DRAG: Document Retrieval with Agentic Grounding

A tutorial on finetuning Vision-Language Models to generate better search queries through trajectory learning.

Introduction
The Core Idea
Architecture Overview
Step 1: Collecting Trajectories
Step 2: Processing & Filtering
Step 3: Formatting Training Data
Step 4: LoRA Finetuning
Step 5: Evaluation
Results & Analysis
Appendix: Infrastructure Setup

Introduction

Document retrieval is a critical component of Retrieval-Augmented Generation (RAG) systems. However, turning natural language questions into effective search queries remains challenging—especially for sparse (keyword-based) retrieval systems like BM25 or Whoosh.

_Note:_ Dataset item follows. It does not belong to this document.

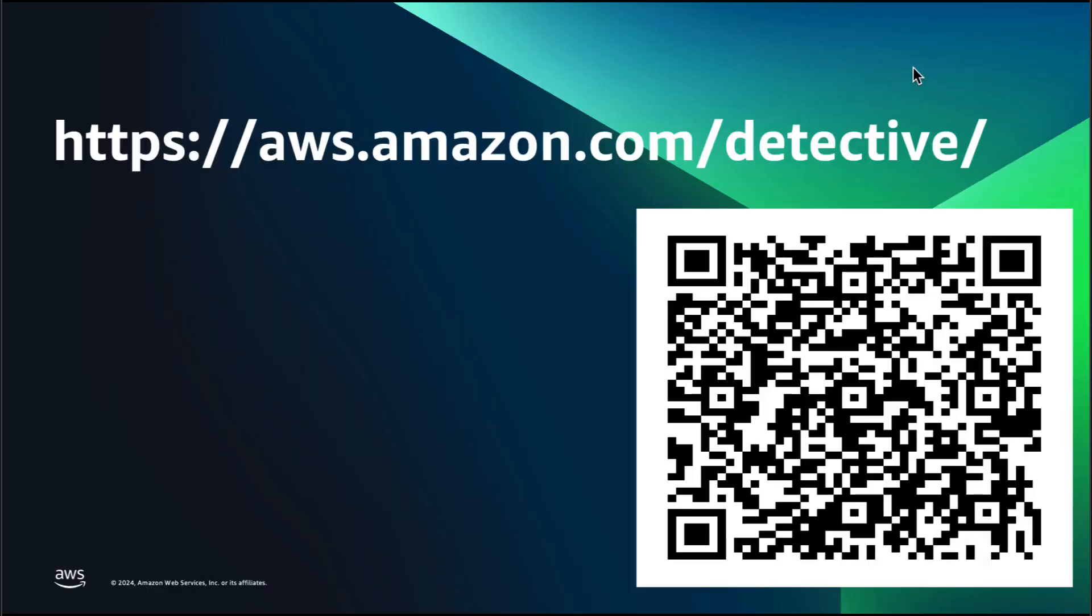In this video, we explored how you can get started with finding group summaries in Amazon Detective powered by generative AI. You can try Amazon Detective at no additional charge with a 30-day free trial. To learn more and get started, check out the link in the description.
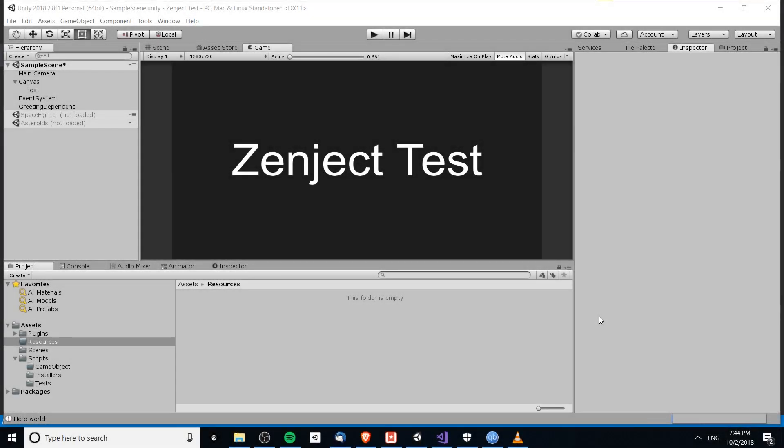Hello everybody, Chris here. In this video we're going to be talking about Zenject and I'll be giving you guys an introductory lesson into using Zenject in Unity. If you don't already know, Zenject is a dependency injection system for Unity. You can pick it up on the asset store — just type in Zenject.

This tutorial demonstrates how to finetune a Vision-Language Model (VLM) to generate better search queries by learning from its own successful search trajectories. The key insight is that we can use the normalized rank of ground truth documents as a reward signal to train the model to produce more effective keywords.

Why This Matters

Sparse search is fast and interpretable but struggles with vocabulary mismatch
VLMs can understand documents visually and reason about content
Iterative refinement allows models to learn from their search successes and failures

Prerequisites

Python 3.10+
CUDA-capable GPU (8×A100 recommended for training, smaller GPUs work for inference)
Access to a document QA dataset with ground truth locations
vLLM for efficient model serving

The Core Idea

The method is inspired by STaR-SQL: Self-Taught Reasoner for Text-to-SQL, adapted for multimodal document retrieval.

The Problem

Given a question like:

"What is the maintenance interval for the Apache helicopter's rotor assembly?"

We need to generate search keywords that will retrieve the correct document page from a corpus. A naive approach might search for "apache helicopter maintenance", but the correct page might use different terminology like "AH-64 rotor service schedule".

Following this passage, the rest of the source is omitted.